Manquant de ressources naturelles, la Tunisie, devenue indépendante, se résigne mal à sa condition de parent pauvre du Maghreb. Le contour sud de son territoire, qui l’exclut des zones pétrolifères dont bénéficient l’Algérie et la Libye, lui apparaît comme fondamentalement injustes. Or, la convention franco-turque du 19 mai 1910 fait descendre sa frontière avec la Libye jusqu’à la borne 233, exactement jusqu’à Garet El Hamel, à une quinzaine de kilomètres du sud de Ghadames, tandis que la convention franco-tunisienne de 1955 lui accordent l’autonomie interne en limite le tracé à la borne 220, non loin de Fort Saint.

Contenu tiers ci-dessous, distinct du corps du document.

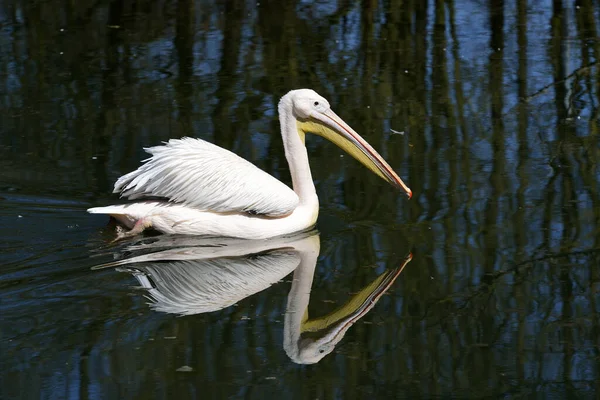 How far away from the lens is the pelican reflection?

L’écart est sans doute dérisoire : une vingtaine de kilomètres carrés. Mais, en revendiquant la borne 233, Bourguiba espère opérer, dans le dispositif frontalier existant, une brèche qu’il élargirait ensuite en adjoignant à cette revendication, purement juridique, une revendication politique. Cette dernière consiste en la suppression d’un tronçon de la frontière algéro-tunisienne entre Bir Romane et Fort Saint. En faisant sauter ce verrou, il deviendrait possible pour lui de se tailler un hinterland entre l’Algérie et la Libye, lequel s’étendrait jusqu’au Niger et comprendrait le gisement d’Edjelé situé à quatre-vingts kilomètres de la borne 233.